§ Problem details:
Take the listing below and output it exactly, with no images.

── Stored data ──

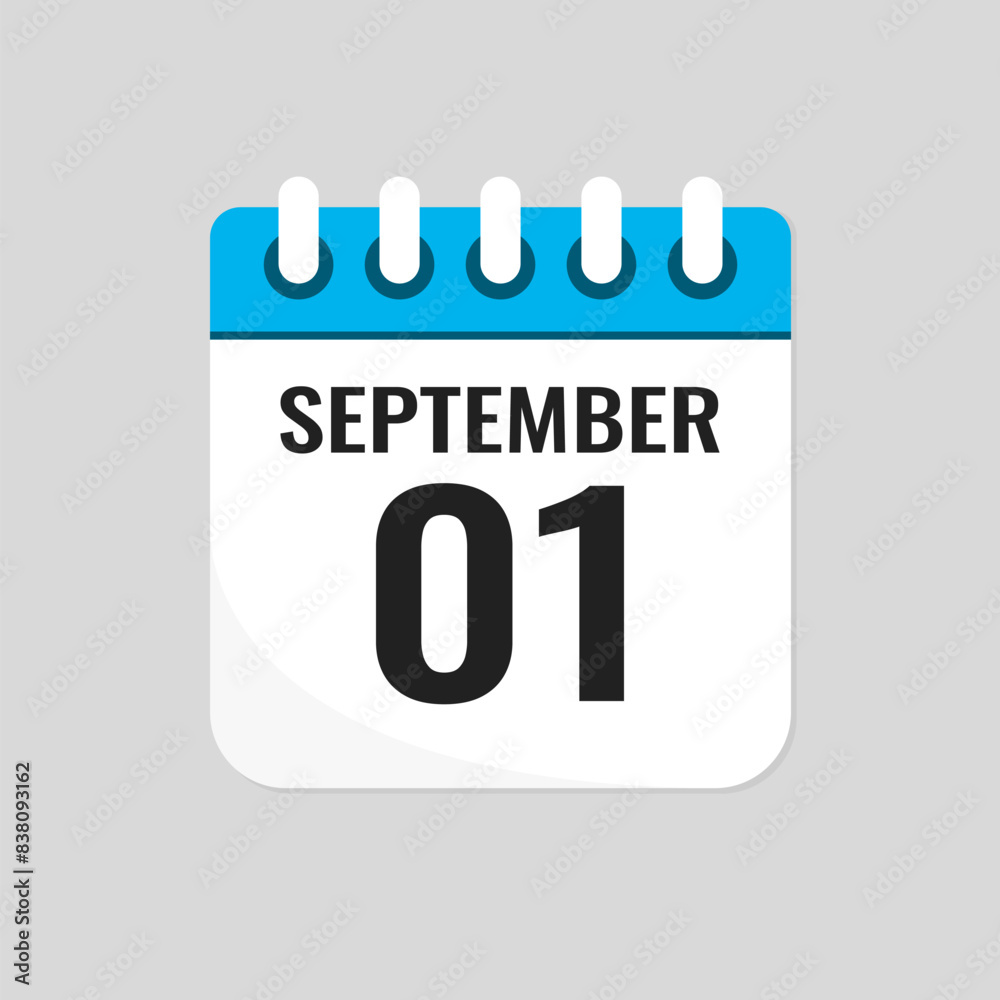 Icon page calendar day - 1 September Icon page calendar day - 1 September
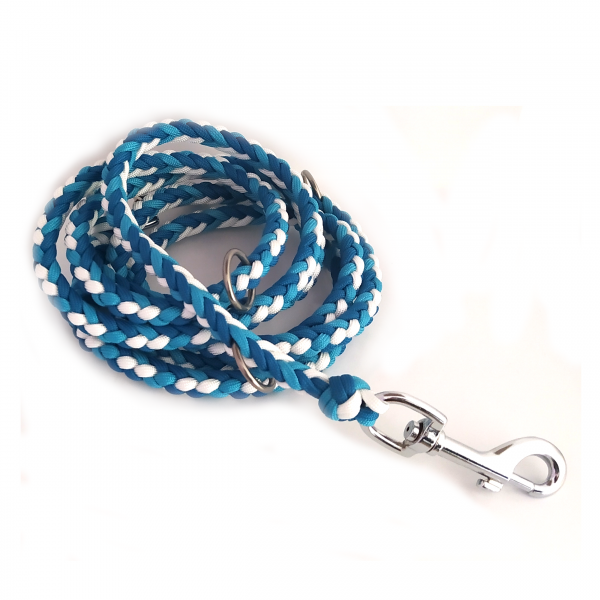 Paracord Leine - Mixed Colors - Farben: Royal Blue, Türkis, White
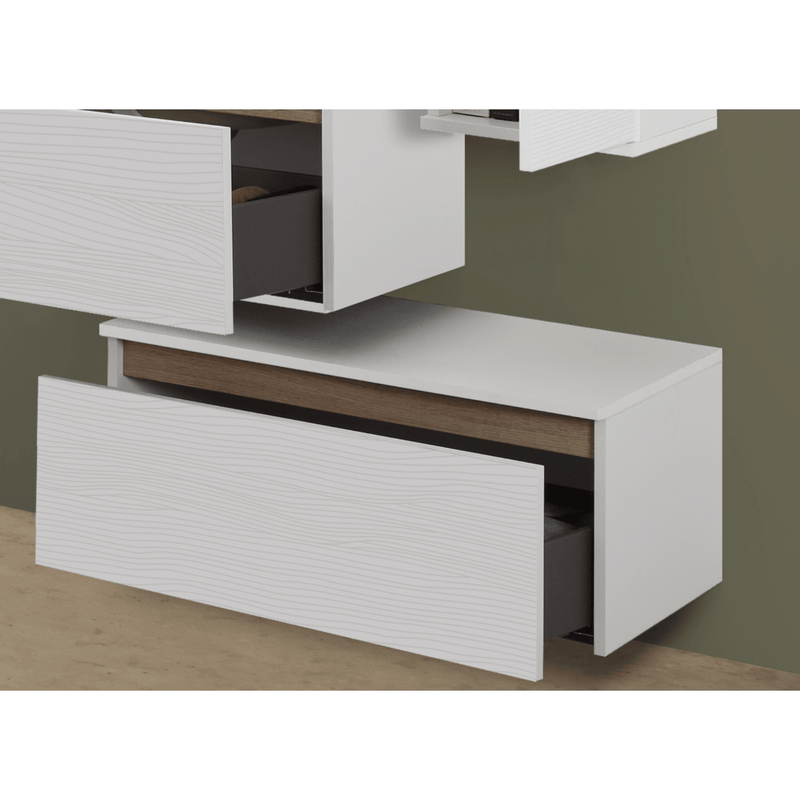 Cassettiera Bagno Sospesa 80 Cm Un Cassetto  Frassinato bianco /Rovere per collezioni Urban e Mood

───

§ Task response:
 Icon page calendar day - 1 September Icon page calendar day - 1 September
 Paracord Leine - Mixed Colors - Farben: Royal Blue, Türkis, White
 Cassettiera Bagno Sospesa 80 Cm Un Cassetto  Frassinato bianco /Rovere per collezioni Urban e Mood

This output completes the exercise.